To frogmarch someone means to hustle them out of a place, usually by grabbing their collar and pinning their arms behind. Originally, this verb referred to police carrying an unruly person out of a building face down with a different person grasping each limb. This is part of a complete episode.
Transcript of “Frogmarch”
I was stopped in my tracks the other day when I used the term frog march, and I was talking to a really smart person, and she had no idea what I was talking about.
You know this term.
Yeah, absolutely.
Frog march meaning to hustle somebody out of a bar or something like that? Usually by not just hustle them, but you’re holding them in a certain way.
Yeah, you’re either grabbing them by the collar or pinning their arms back.
Right.
And I was so surprised. I asked a couple other people I know who are also really smart, and they didn’t know this term.
Frog march being a transitive verb. You frog march somebody out of their office or something because they’ve misbehaved.

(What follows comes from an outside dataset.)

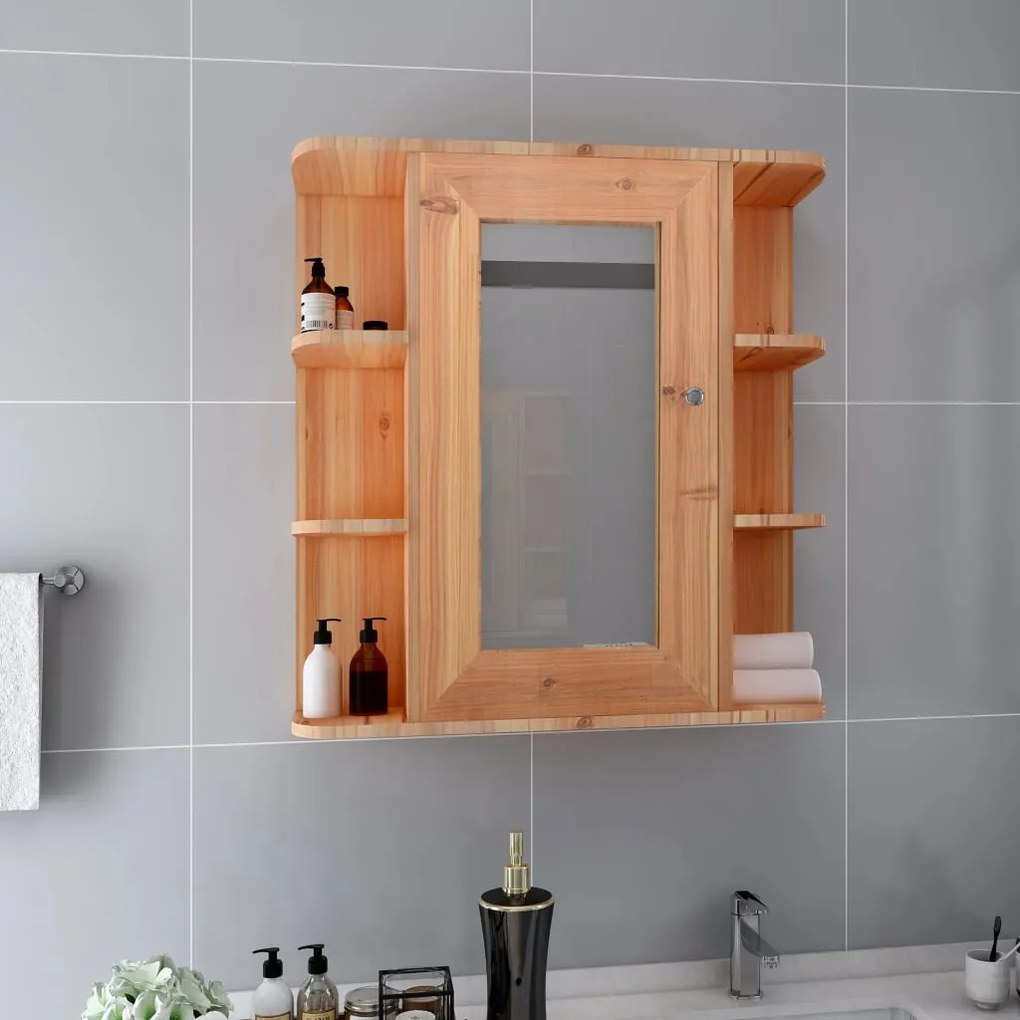 Armadietto A Specchio Rovere 66x17x63 Cm İn Mdf /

What I didn’t realize was that it goes back to an even older use of frogs march that originated with London police in the 19th century. And it referred to carrying a drunk or a disorderly person out of someplace by carrying him face down between four people, each of them holding a limb.
That’s right. And then tossing them back in the back of the police van.
Yeah. Then later it referred to marching somebody out on their feet but with their arms pinned back.
Yeah. How cool is that?
It’s a little different. But they’re both unwilling.
Yeah. They both didn’t want to go.
Exactly. Frog march him out of there.